> _Task prompt_:
Among the entries that follow, find the lines containing the string "Samsung" and copy them.
--- START ---
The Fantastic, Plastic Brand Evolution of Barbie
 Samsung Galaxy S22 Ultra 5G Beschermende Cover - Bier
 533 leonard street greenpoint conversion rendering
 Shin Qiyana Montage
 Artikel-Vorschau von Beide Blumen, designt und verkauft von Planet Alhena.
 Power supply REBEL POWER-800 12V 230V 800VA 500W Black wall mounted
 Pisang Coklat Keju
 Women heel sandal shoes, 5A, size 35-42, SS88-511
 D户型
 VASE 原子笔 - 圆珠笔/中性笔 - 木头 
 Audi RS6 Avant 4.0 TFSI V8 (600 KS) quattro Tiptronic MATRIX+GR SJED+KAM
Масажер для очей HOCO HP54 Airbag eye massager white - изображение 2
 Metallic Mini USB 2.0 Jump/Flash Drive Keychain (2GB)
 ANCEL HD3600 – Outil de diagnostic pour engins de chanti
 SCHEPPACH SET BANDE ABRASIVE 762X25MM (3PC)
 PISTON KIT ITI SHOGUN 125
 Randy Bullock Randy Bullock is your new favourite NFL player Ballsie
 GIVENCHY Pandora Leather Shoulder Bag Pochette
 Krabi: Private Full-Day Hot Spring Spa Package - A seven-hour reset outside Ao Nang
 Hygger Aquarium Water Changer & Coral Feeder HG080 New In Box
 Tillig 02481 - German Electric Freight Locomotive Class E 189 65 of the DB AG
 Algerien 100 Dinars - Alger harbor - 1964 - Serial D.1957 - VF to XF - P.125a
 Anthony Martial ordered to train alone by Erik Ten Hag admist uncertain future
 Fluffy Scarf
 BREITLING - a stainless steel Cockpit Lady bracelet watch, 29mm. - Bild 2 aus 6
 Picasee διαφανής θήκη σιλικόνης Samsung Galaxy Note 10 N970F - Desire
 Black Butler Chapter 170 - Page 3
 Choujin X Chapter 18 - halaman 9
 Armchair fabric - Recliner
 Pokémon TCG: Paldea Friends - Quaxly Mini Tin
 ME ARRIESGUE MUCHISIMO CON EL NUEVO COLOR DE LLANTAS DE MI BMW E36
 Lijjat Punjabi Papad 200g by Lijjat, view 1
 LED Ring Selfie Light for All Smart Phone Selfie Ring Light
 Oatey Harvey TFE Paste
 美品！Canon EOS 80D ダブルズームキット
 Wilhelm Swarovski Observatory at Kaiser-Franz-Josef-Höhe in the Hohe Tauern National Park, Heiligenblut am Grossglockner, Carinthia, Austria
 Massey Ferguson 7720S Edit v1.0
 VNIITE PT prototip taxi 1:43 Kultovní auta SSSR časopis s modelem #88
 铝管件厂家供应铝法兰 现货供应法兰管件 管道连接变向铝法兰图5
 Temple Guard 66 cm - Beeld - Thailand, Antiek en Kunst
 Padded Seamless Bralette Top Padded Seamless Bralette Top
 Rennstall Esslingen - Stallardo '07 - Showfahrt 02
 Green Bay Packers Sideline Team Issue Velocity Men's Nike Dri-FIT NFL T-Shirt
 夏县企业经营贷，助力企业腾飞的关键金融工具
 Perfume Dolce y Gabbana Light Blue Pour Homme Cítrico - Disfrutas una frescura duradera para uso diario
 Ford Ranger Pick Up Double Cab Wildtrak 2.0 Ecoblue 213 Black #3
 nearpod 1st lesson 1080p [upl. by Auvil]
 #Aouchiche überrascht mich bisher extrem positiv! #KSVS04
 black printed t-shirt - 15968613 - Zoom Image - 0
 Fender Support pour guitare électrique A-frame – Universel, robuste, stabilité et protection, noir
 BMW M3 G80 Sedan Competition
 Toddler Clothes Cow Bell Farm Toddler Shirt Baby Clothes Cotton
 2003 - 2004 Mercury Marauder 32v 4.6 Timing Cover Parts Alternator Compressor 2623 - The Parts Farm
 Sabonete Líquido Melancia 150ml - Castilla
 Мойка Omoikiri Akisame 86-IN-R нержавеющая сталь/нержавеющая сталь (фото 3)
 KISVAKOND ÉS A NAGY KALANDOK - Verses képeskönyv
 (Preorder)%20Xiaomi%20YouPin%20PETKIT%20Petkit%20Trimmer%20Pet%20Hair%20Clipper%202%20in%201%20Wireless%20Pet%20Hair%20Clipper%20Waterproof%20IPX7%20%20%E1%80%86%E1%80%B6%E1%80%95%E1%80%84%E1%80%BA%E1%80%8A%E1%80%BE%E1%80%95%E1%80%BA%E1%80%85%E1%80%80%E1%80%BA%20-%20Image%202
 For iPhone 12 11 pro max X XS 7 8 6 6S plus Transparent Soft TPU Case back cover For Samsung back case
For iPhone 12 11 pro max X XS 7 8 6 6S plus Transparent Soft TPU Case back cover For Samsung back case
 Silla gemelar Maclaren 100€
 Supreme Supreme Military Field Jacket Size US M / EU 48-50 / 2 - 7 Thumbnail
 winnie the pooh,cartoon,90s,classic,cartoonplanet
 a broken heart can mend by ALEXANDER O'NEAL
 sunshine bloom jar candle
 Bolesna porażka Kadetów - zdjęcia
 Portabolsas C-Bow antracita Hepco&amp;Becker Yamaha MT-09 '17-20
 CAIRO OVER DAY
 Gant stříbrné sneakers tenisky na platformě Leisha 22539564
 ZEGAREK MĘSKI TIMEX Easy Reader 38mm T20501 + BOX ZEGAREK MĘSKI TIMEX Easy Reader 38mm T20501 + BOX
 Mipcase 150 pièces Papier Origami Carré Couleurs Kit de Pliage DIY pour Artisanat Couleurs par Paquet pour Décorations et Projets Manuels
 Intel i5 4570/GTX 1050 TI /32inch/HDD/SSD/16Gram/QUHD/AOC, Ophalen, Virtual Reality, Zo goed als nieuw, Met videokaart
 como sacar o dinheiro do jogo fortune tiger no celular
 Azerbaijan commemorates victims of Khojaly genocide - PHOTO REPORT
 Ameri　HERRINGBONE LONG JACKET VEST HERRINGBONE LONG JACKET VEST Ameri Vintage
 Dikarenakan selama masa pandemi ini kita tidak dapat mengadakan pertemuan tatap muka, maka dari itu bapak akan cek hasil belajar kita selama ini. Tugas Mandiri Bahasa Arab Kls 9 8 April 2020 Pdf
--- END ---
> _Output for this exercise_:
 Samsung Galaxy S22 Ultra 5G Beschermende Cover - Bier
 Picasee διαφανής θήκη σιλικόνης Samsung Galaxy Note 10 N970F - Desire
 For iPhone 12 11 pro max X XS 7 8 6 6S plus Transparent Soft TPU Case back cover For Samsung back case
For iPhone 12 11 pro max X XS 7 8 6 6S plus Transparent Soft TPU Case back cover For Samsung back case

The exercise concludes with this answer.